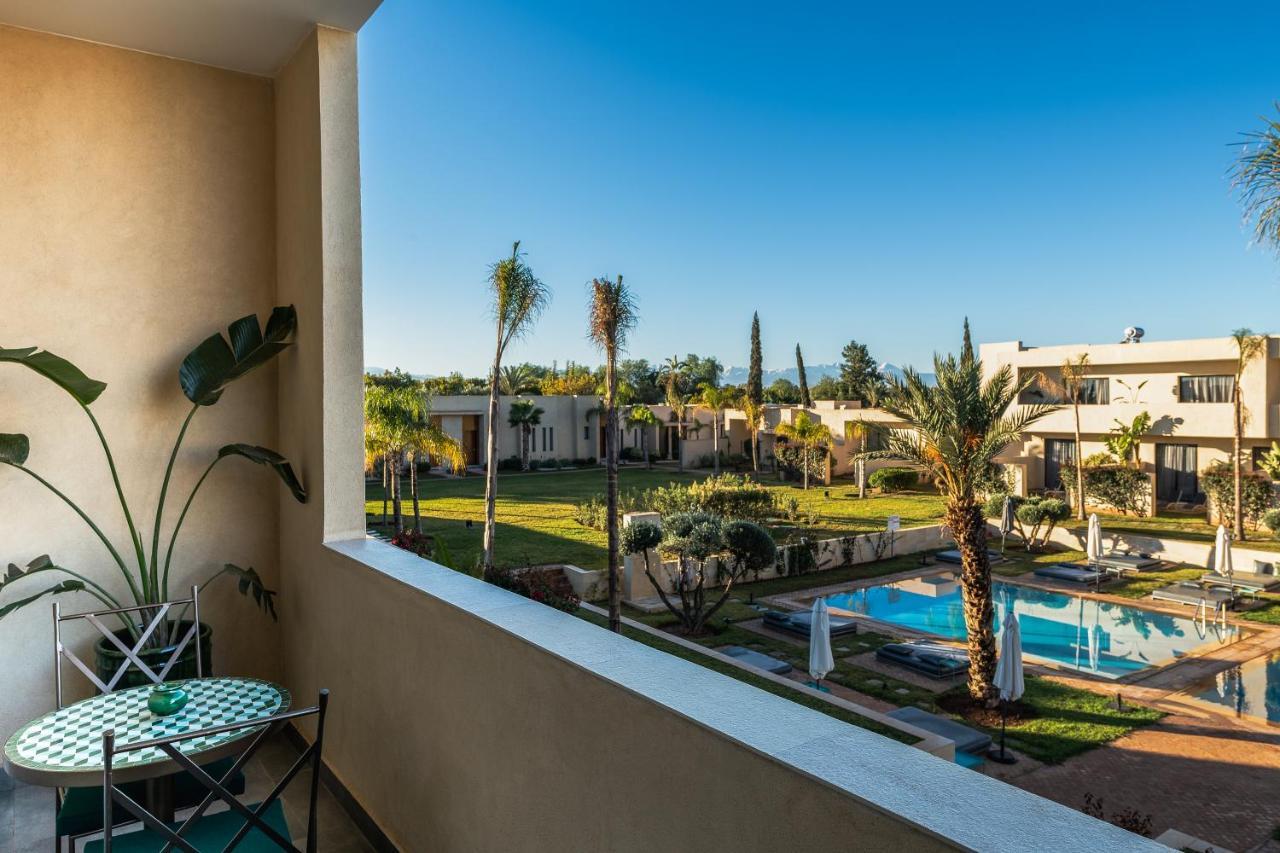 Suite Private Terrace Pool View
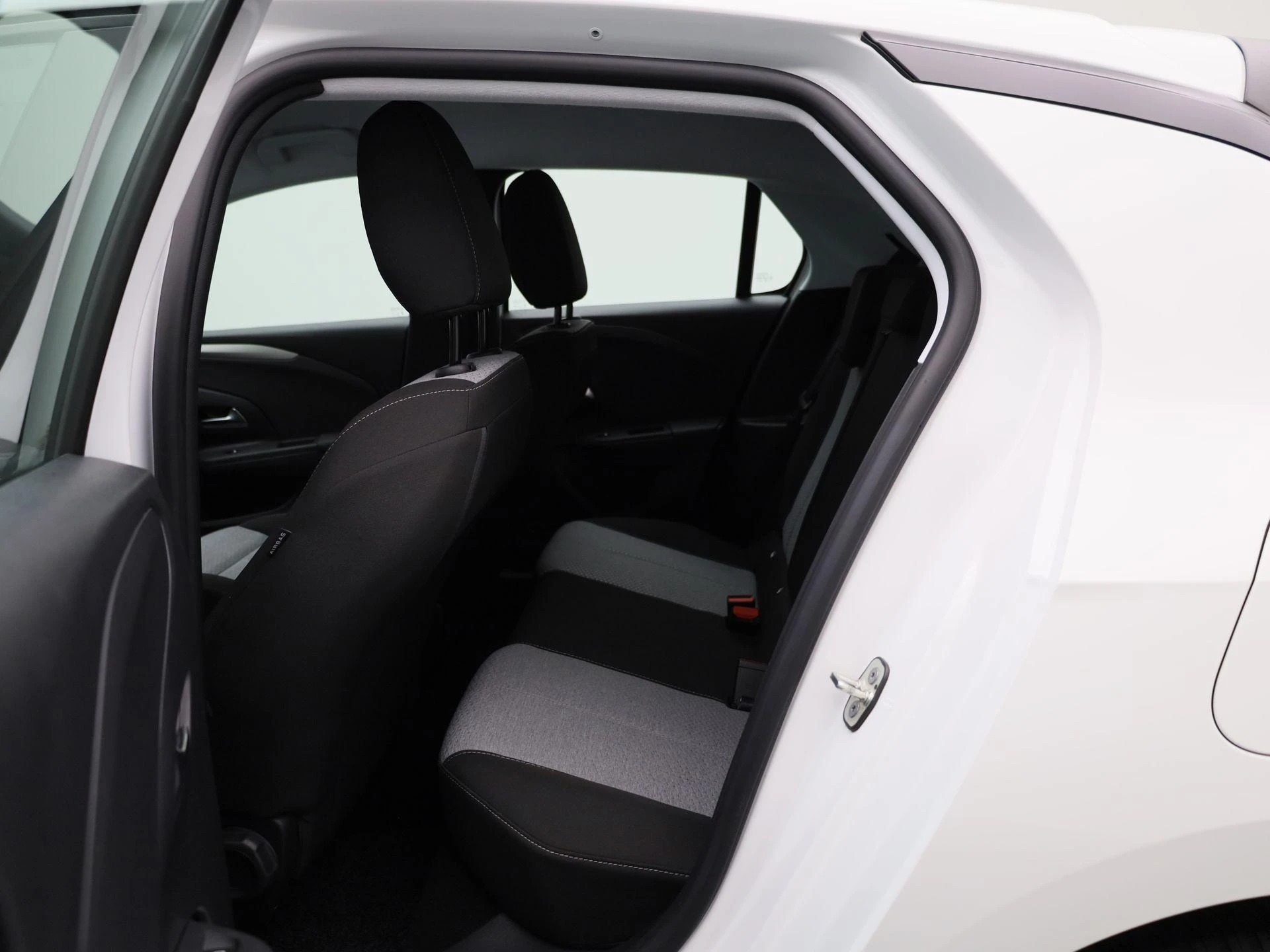 Opel-Corsa-image-9
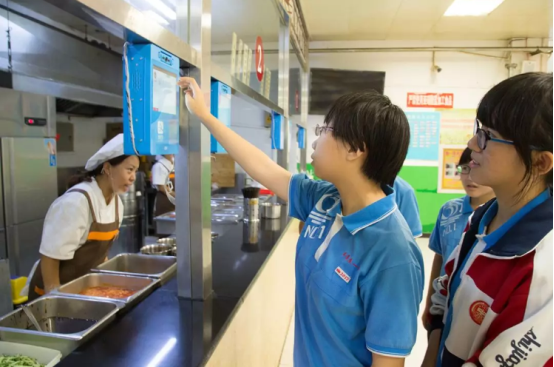 石家莊一中引進(jìn)禧云信息智慧食堂  打造健康安全后勤環(huán)境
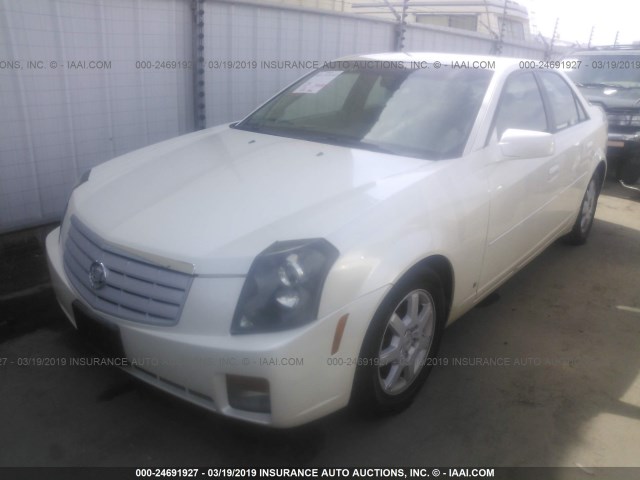 1G6DP577770149919 - 2007 CADILLAC CTS HI FEATURE V6 WHITE photo 2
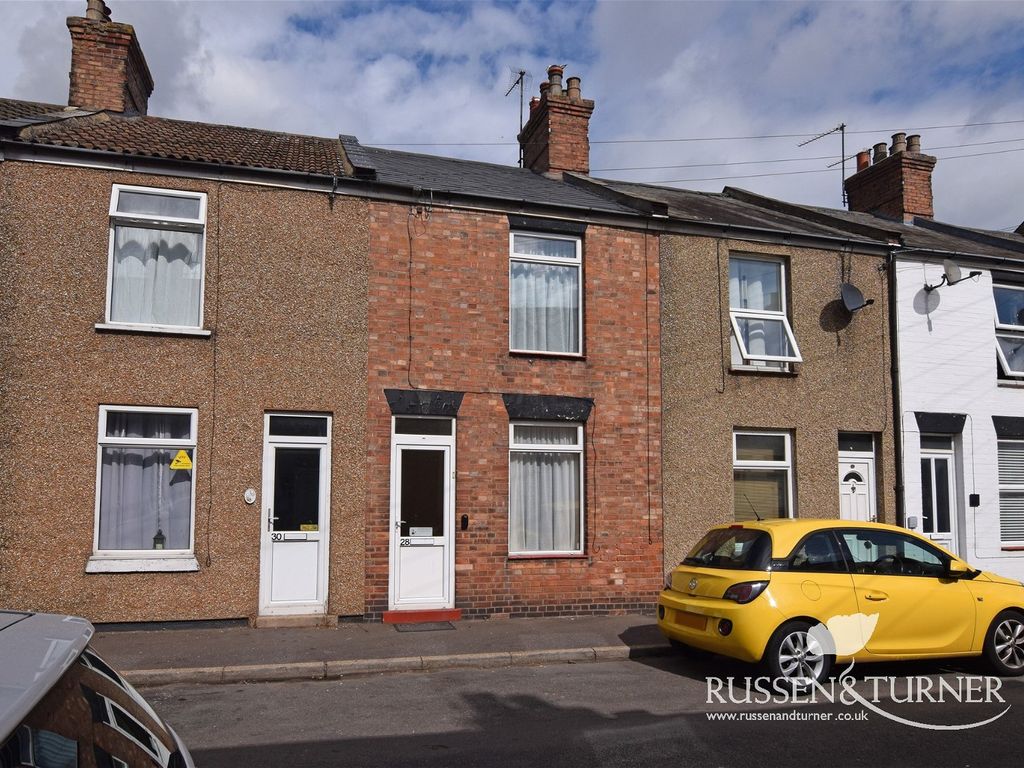 3 bed terraced house for sale in Hockham Street, King's Lynn PE30, £130,000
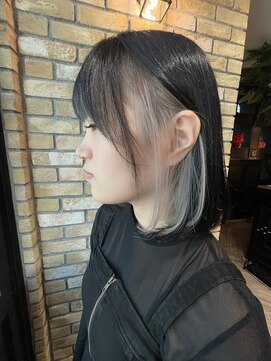 モナン 渋谷(Monan) タイトボブ×ホワイトイヤリングカラー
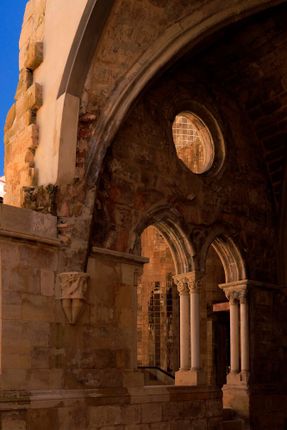 Restoration And Enhancement Of The Patriarchal Cathedral Of Lisbon, Installation Of The Archaeological Center, And Restoration Of The Upper And Lower Cloisters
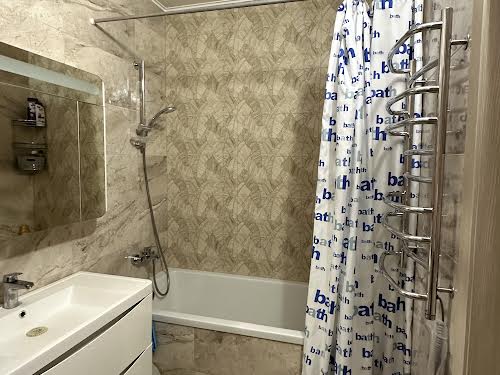 квартира за адресою Миколи Бажана просп., 12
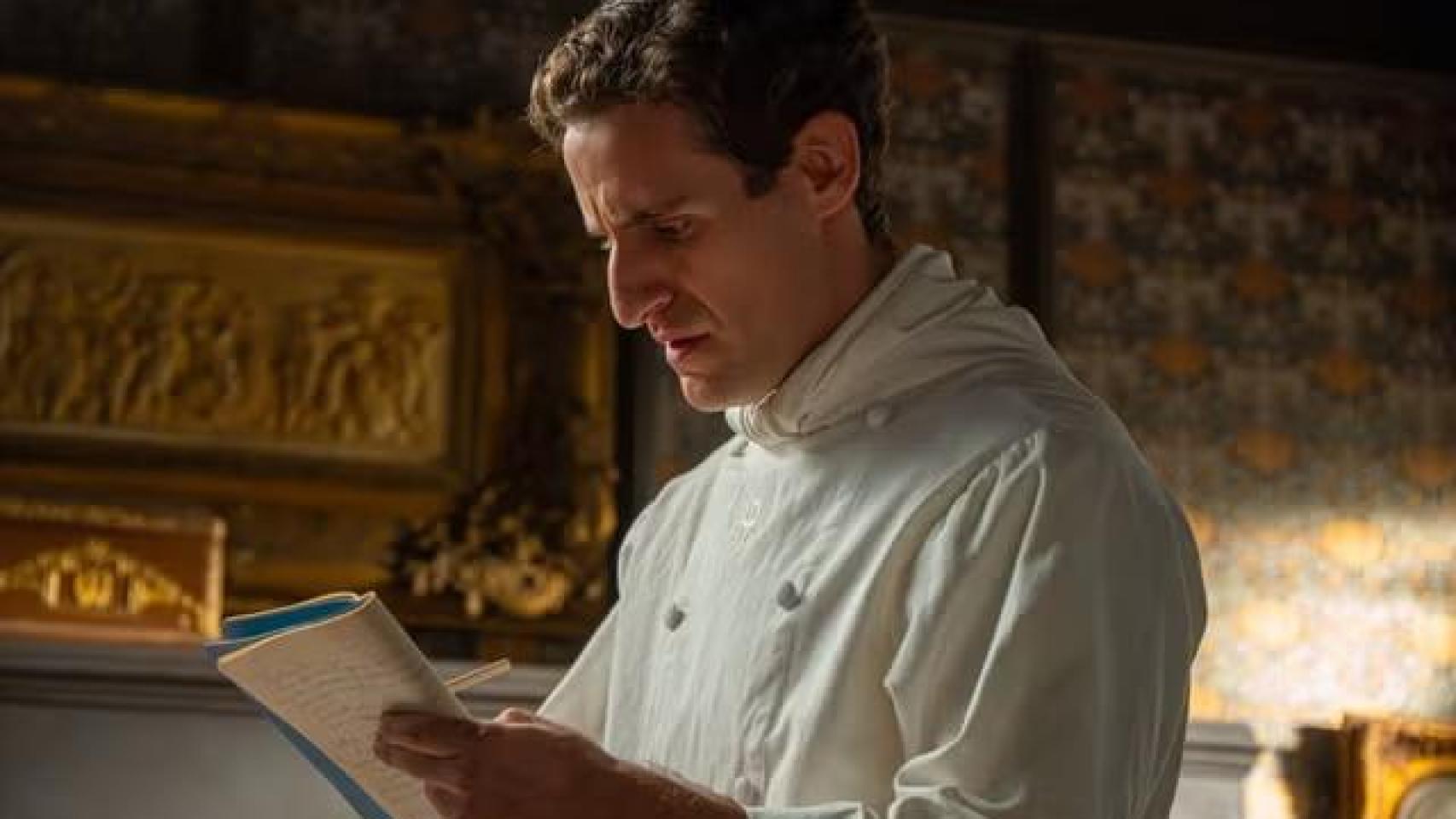 Enrique Fortún en una escena de la serie 'La Promesa'.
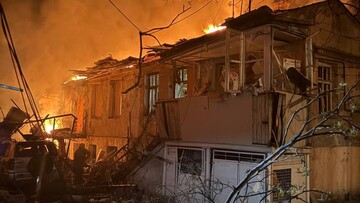 Вночі росіяни атакували Одесу: загинули двоє людей, пошкоджено судно в порту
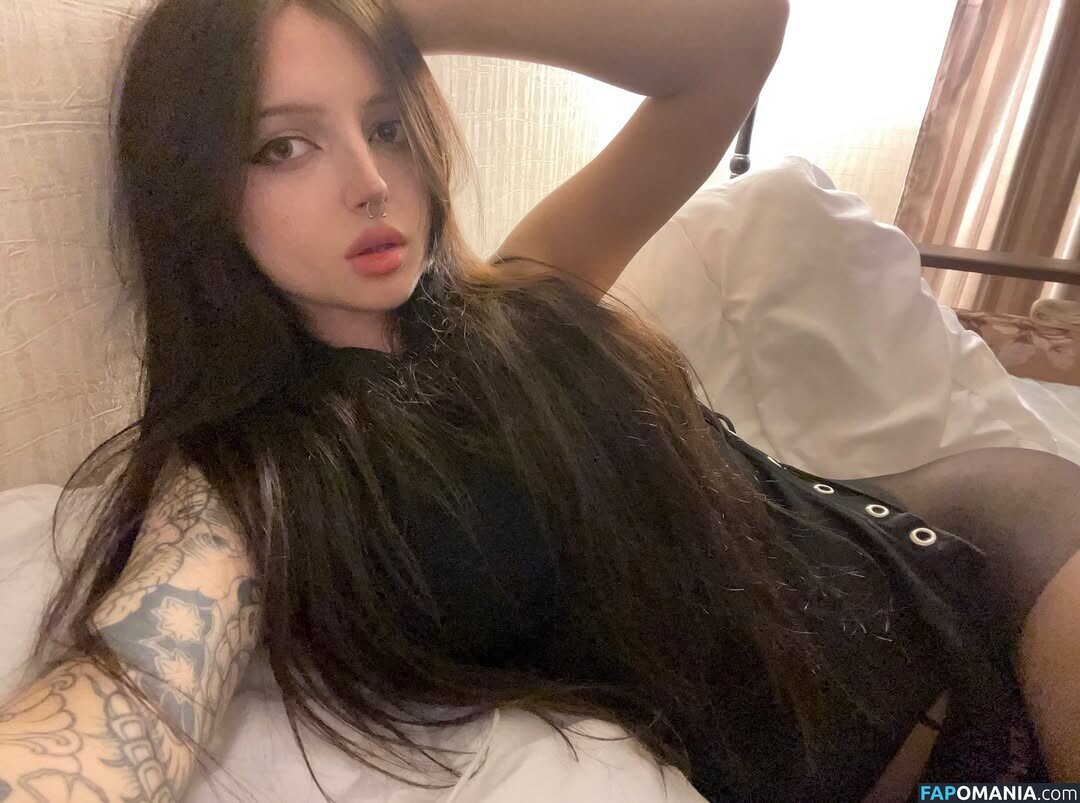 busty nosferatu / bustynosferatu / lolyacarson Naakt OnlyFans  Gelekte foto #1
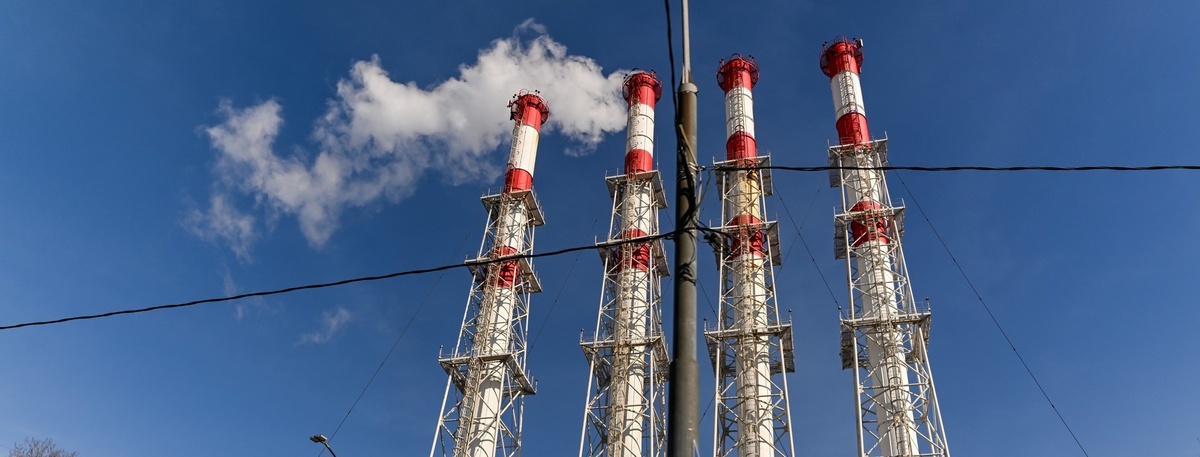    Трубы котельной в Петербурге во время отопительного сезона. Автор фото: Михаил Тихонов / "Деловой Петербург"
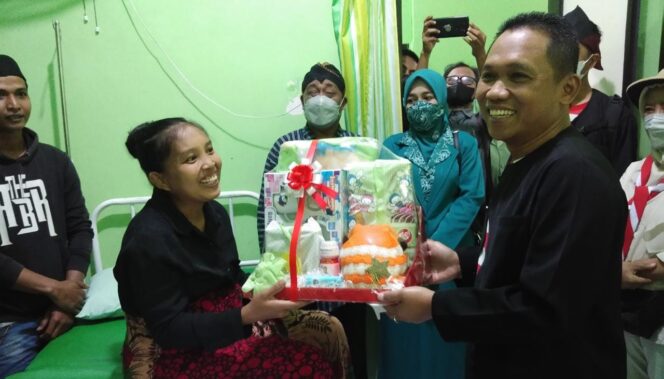 
					Lahir 17 Agustus, 4 Anak di Lumajang Terima Fasilitas Gratis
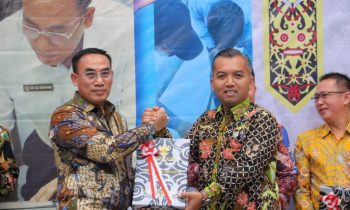 Ketua DPRD Seruyan Zuli Eko Prasetyo menerima penyerahan Laporan Hasil Pemeriksaan (LHP) dari BPK RI Perwakilan Kalteng, atas LKPD Seruyan Tahun 2022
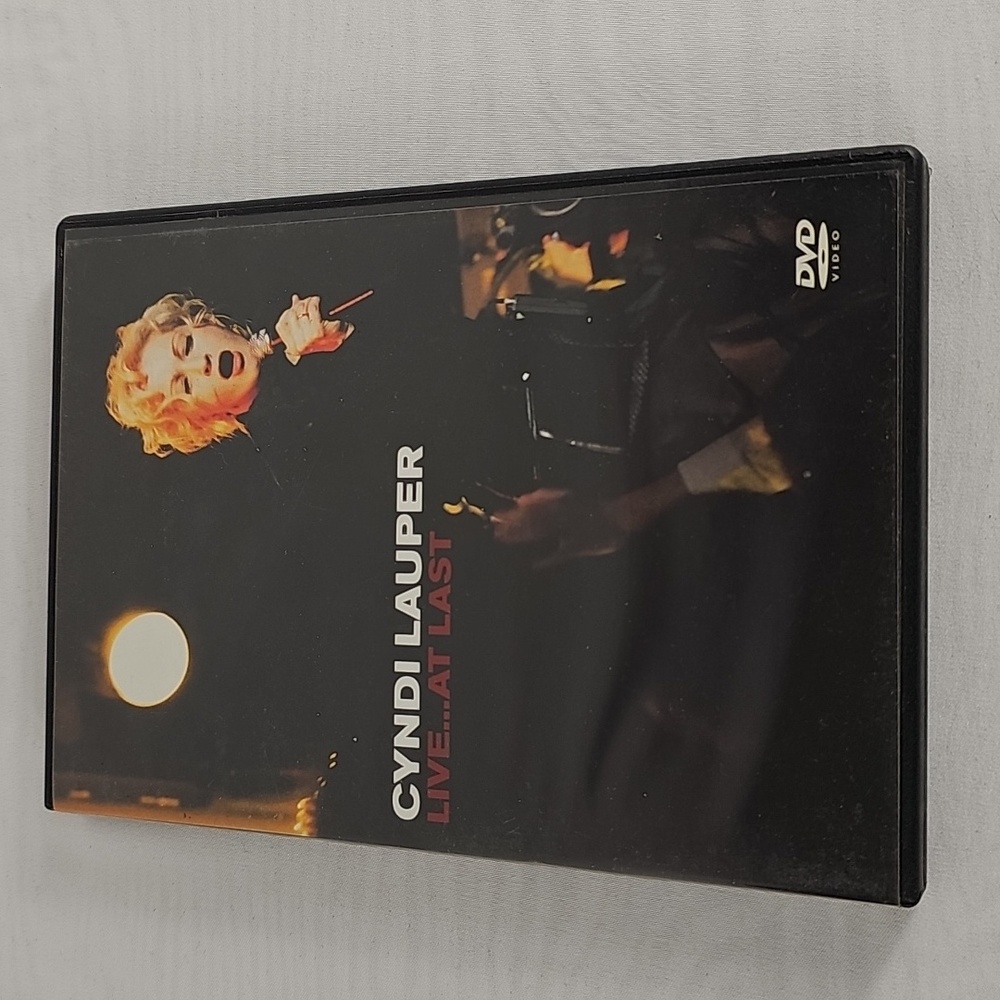 Cyndi Lauper Live at Last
******************************
> [Prompt]: Starting with the line that contains "1G6DP577770149919 - 2007" and finishing with the line that contains "モナン 渋谷(Monan) タイトボブ×ホワイトイヤリングカラー", reproduce every line of the material above exactly, but not the pictures.

> [Solution for this exercise]:
 1G6DP577770149919 - 2007 CADILLAC CTS HI FEATURE V6 WHITE photo 2
 3 bed terraced house for sale in Hockham Street, King's Lynn PE30, £130,000
 モナン 渋谷(Monan) タイトボブ×ホワイトイヤリングカラー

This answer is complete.